-------- Extracted records --------

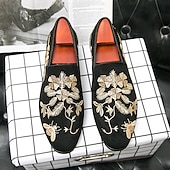 levne Poloformální-pánské černé semišové slip-on mokasíny se zlatou květinovou a včelí výšivkou – elegantní neformální obuv na svatby, večírky a formální události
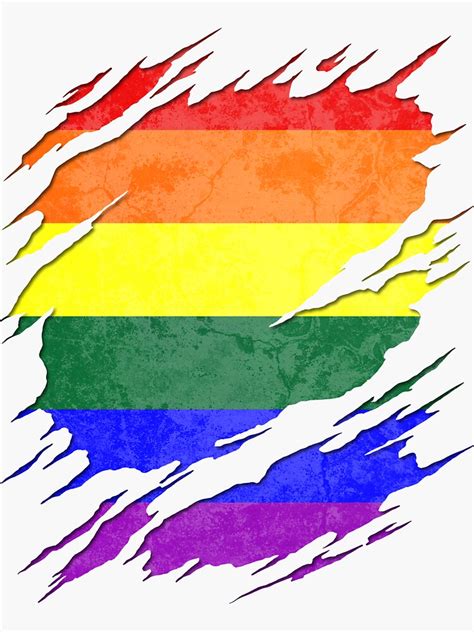 Lgbtq Pride Flag Ripped Reveal Sticker For Sale By Valador Redbubble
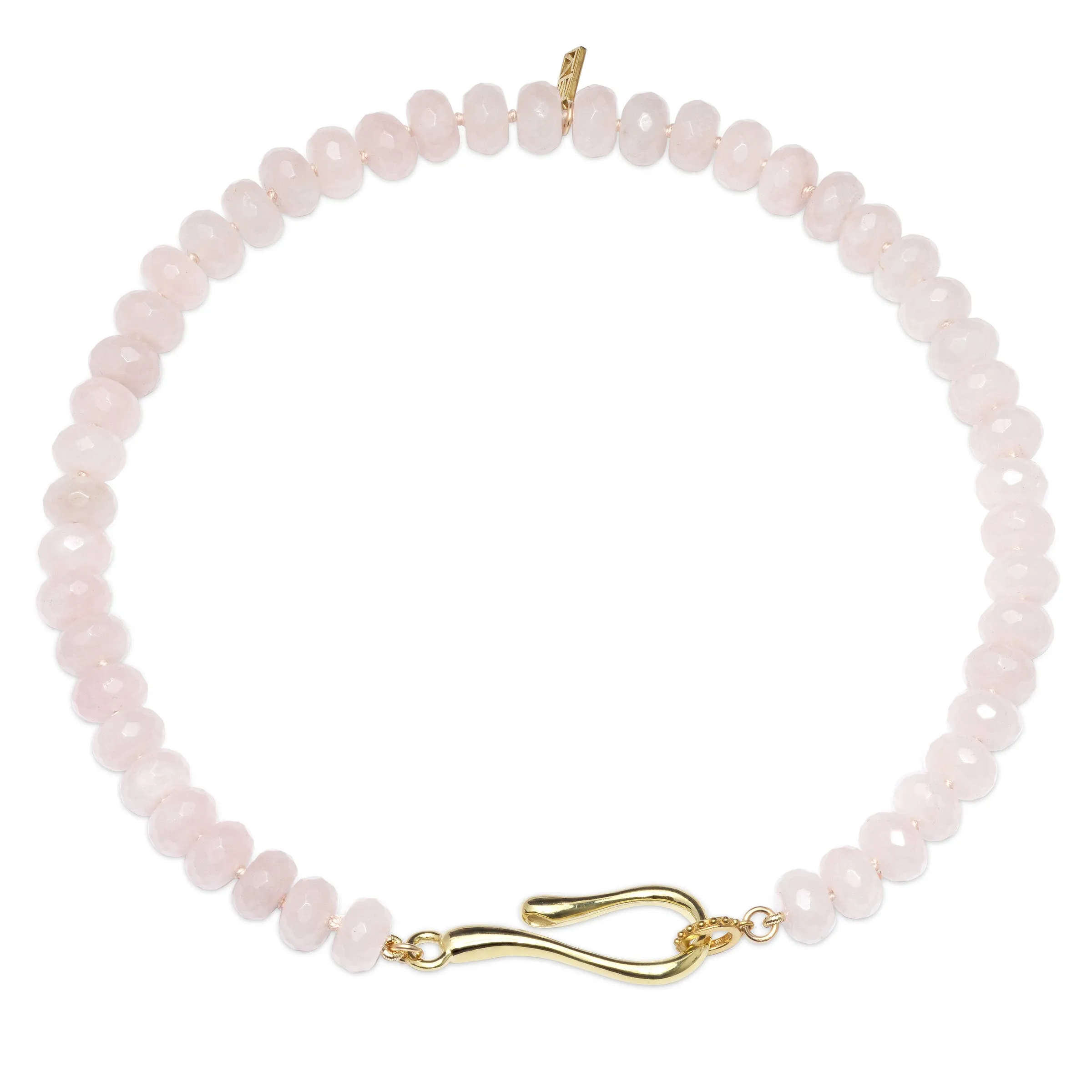 Rose Quartz Large Hook   Loop Necklace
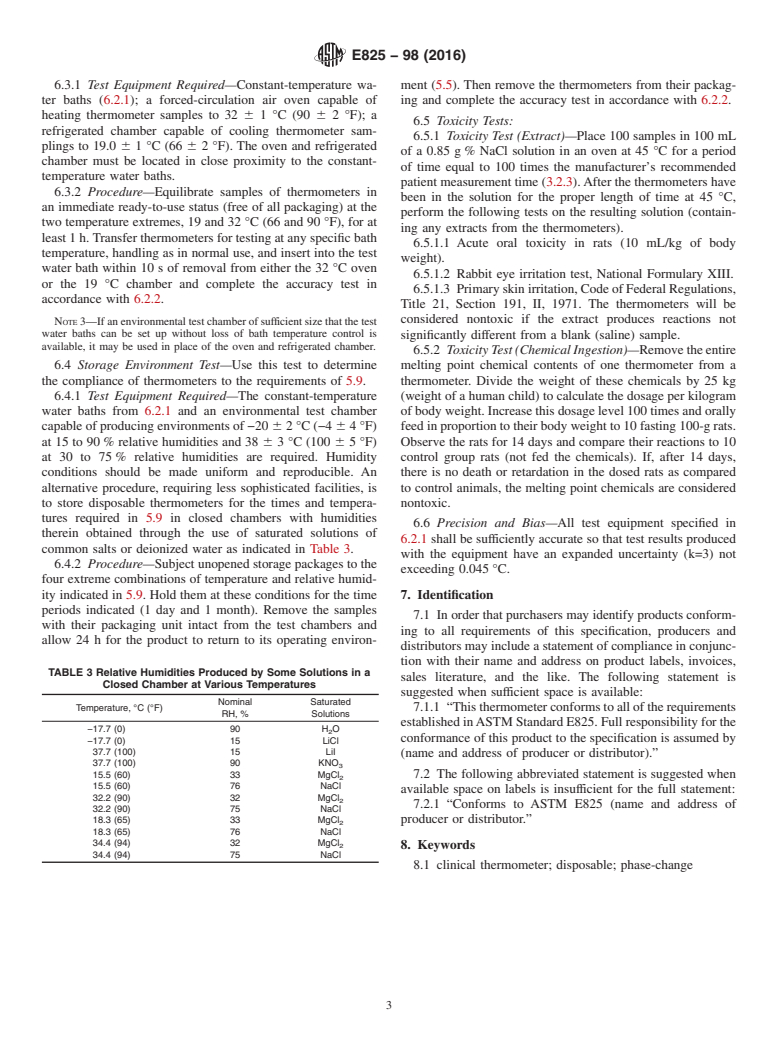 ASTM E825-98(2016) - Standard Specification for Phase Change-Type Disposable Fever Thermometer for Intermittent  Determination of Human Temperature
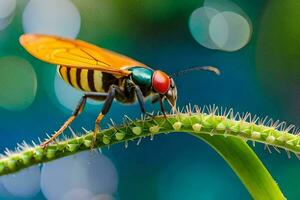 foto fondo de pantalla el cielo, plantas, césped, insecto, bicho, insecto, bicho, bicho,. generado por ai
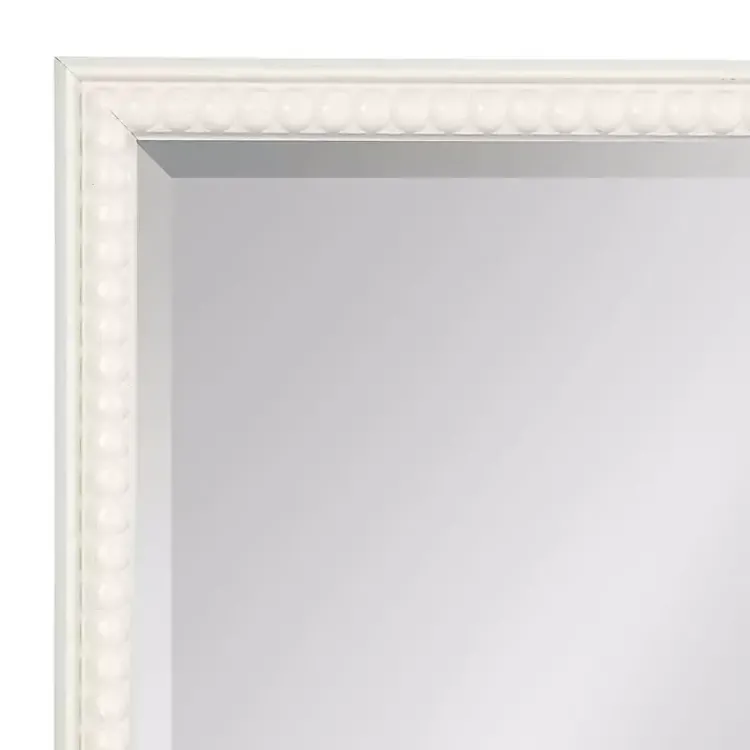 Kirklands Home White Vintage Beaded Wall Mirror, 30 in. Clearance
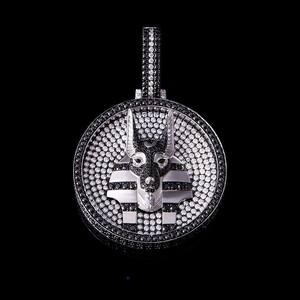 Collier personnalisé en argent sterling 925 avec pendentif moissanite rond, breloque animal incrustée de pierres, bijoux hip-hop - Product Image 3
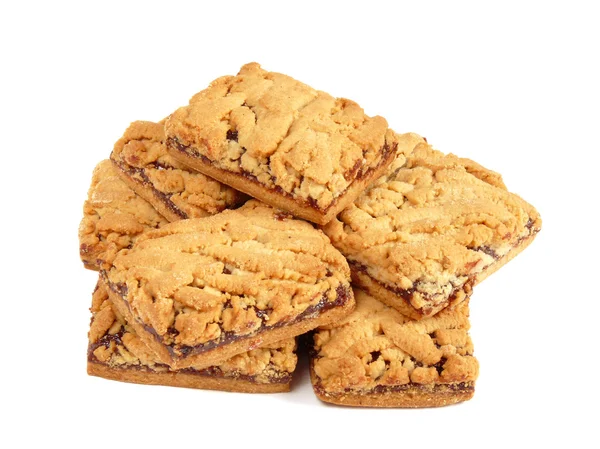 Biscoitos apetitosos com geléia isolada em um fundo branco — Fotografia de Stock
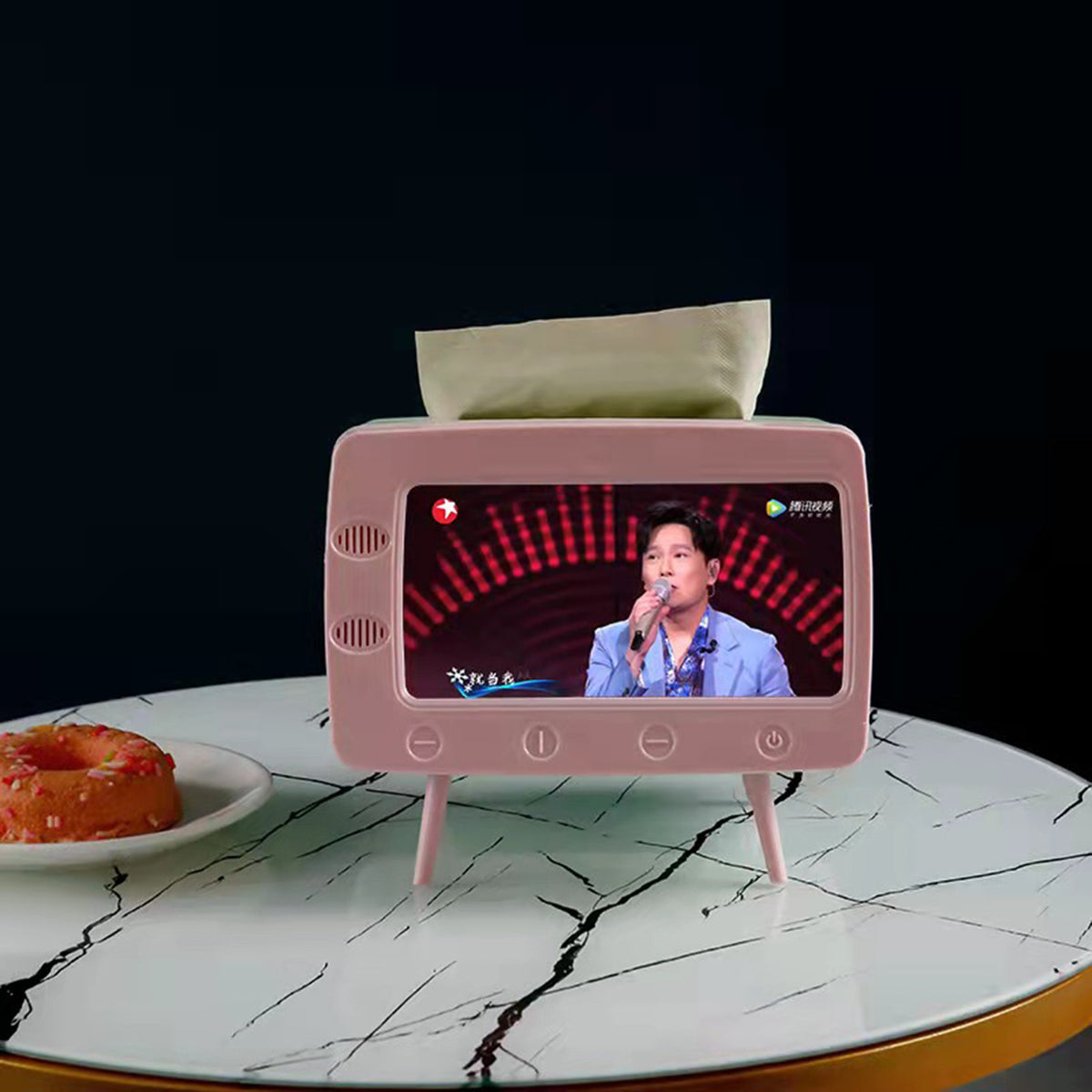 TV Shape Tissue Holder Phone Holder Stand Facial Tissue Box Cover for Home Office Kitchen Desktop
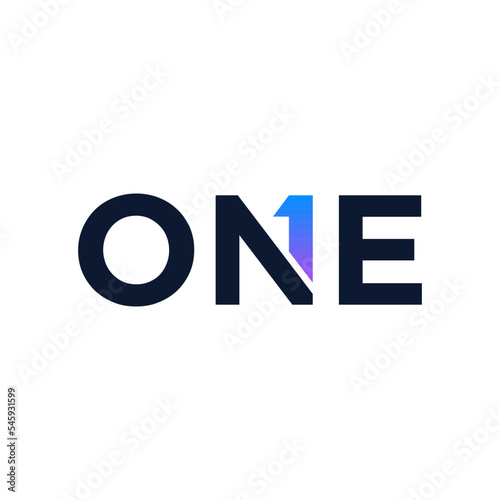 Letter one logo design vector template 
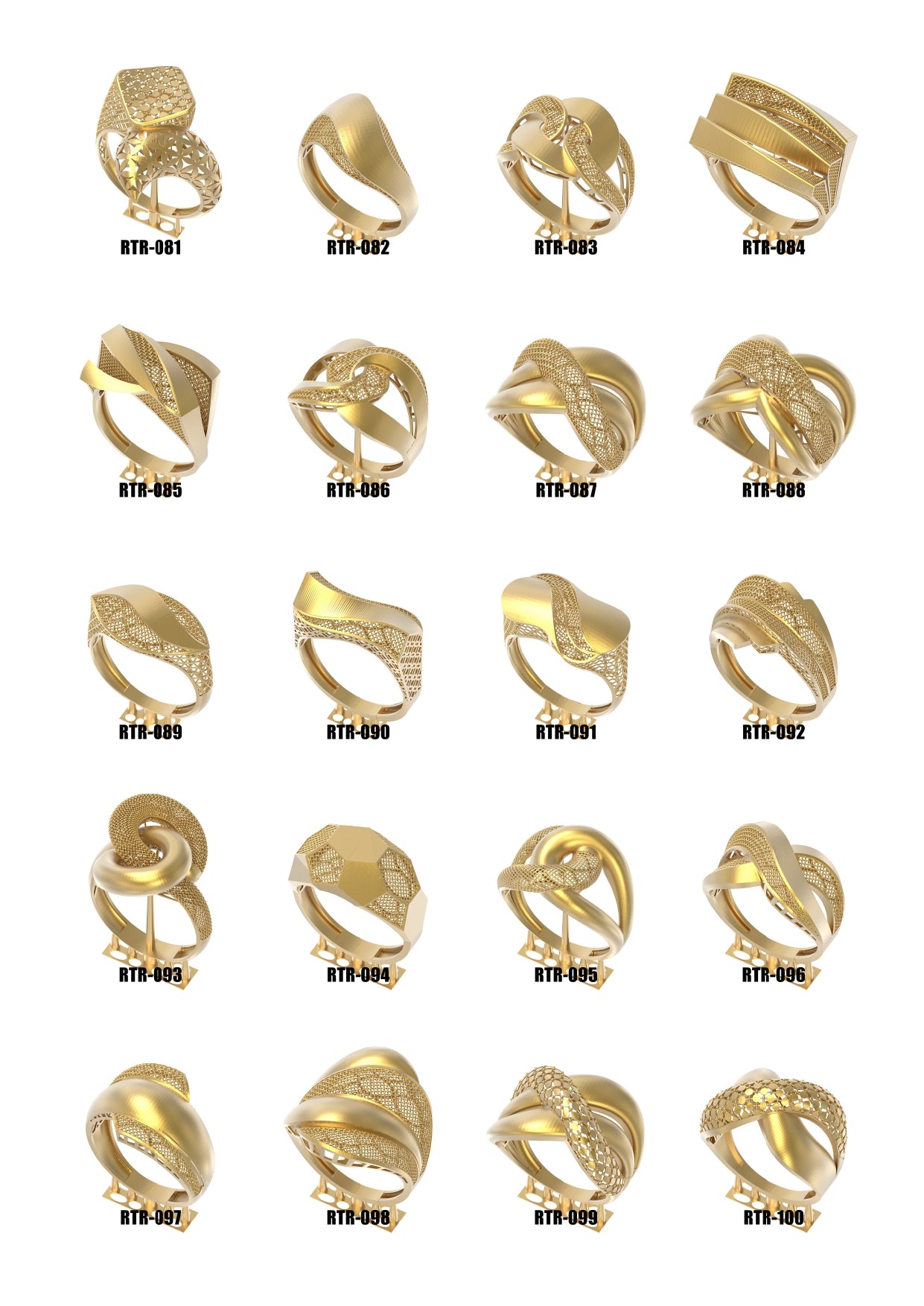 100 Lightweight Turkish Rings STL Files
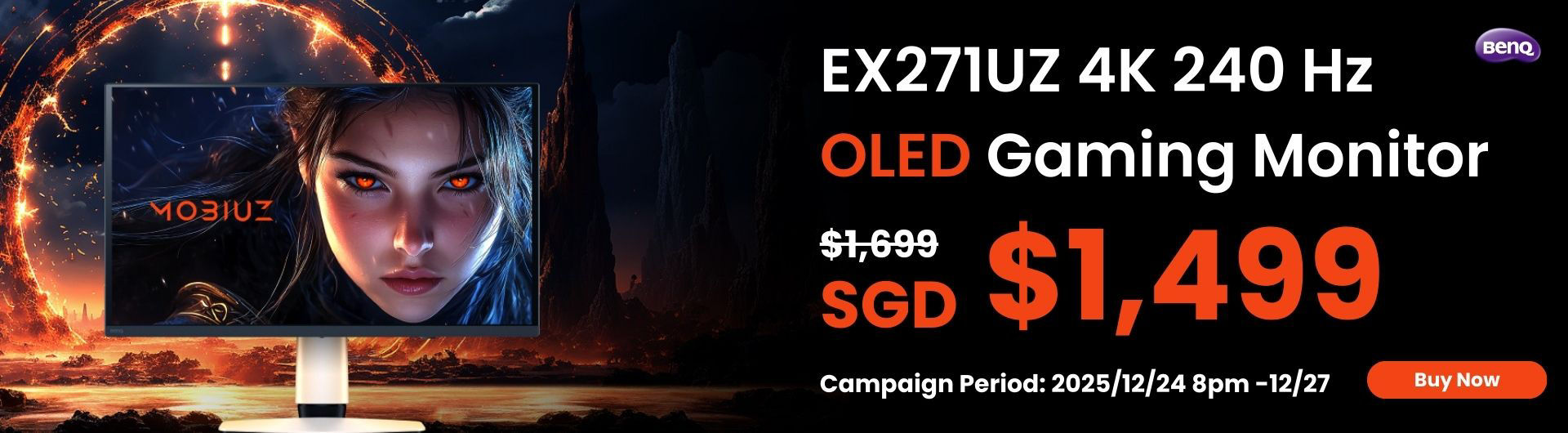 EX271UZ 27” 4K 166 PPI 240Hz BenQ MOBIUZ OLED Gaming Monitor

--------

### Directions for this task
Could you retype exactly, and only, the lines running from the one with "100 Lightweight Turkish Rings STL Files" to the last line of the listing, while leaving any pictures out?

### Exercise answer
 100 Lightweight Turkish Rings STL Files
 EX271UZ 27” 4K 166 PPI 240Hz BenQ MOBIUZ OLED Gaming Monitor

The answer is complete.